Built around a female-led ensemble, Simon Kinberg’s The 355 has all the hallmarks of a slick espionage thriller — an impressive cast of award-winning actors and the return of Kinberg to the spy genre for the first time since writing Mr. & Mrs. Smith. Hot on the heels of women-driven films like Widows, Birds Of Prey, and Gunpowder Milkshake, The 355 is seemingly designed to showcase that women can be just as good as men, if not better. However, the end result feels like a faux feminist message that rings hollow.
In good ole spy-thriller fashion, there’s a deadly secret weapon – a hard drive capable of hacking into and controlling any computer system. Hardened CIA ‘wild-card’ Mace (Jessica Chastain) must purchase the device with her partner (and sometimes lover) Nick (Sebastian Stan). But the Americans aren’t the only ones who want it — lone German agent Marie (Diane Kruger), and fieldwork newbie Colombian DNI psychologist Graciela (Penélope Cruz), each must acquire the gizmo for their respective governments. When the job goes sideways, Mace teams up with Marie, Graciela and former MI6 cyber expert Khadijah (Lupita Nyong’o) to recover the mechanism when they discover it’s in the hands of a cartoonishly evil and very one-dimensional arms dealer (Jason Flemyng).

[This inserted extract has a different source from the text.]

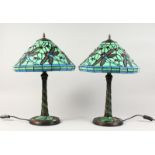 A PAIR OF TIFFANY STYLE GREEN GLASS DRAGONFLY TABLE LAMPS. 22ins high.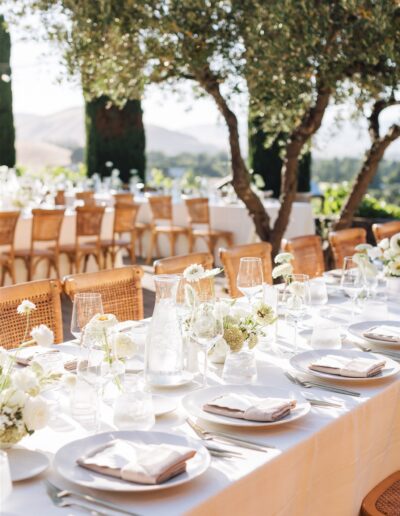 Outdoor dining setup with white tablecloths, plates, glasses, and napkins. Tables are decorated with small white flower arrangements. Trees in the background.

With its all-star cast, The 355 should work — but the story never rises above mediocrity. The characters’ development never transcends the archetypes. Following the ‘tough girl’ trope, Mace never evolves beyond her hard-boiled exterior failing to exhibit anything more than constant anger, even during her darkest moments. Marie is no different; the reckless agent is never given the opportunity to fully explore her surprisingly interesting backstory. Cyber expert and skilled fighter Khadijah had seemingly important reasons for leaving MI6 which are briefly mentioned — but quickly brushed aside.
As the team’s only inexperienced field agent, an anxious Graciela gets a moment to shine near the end, proving her growth as an operative. Though all the characters keep their guard up, Khajidah and Graciela are the only two with some emotional weight; the only ones who have families waiting for them at home and something to lose.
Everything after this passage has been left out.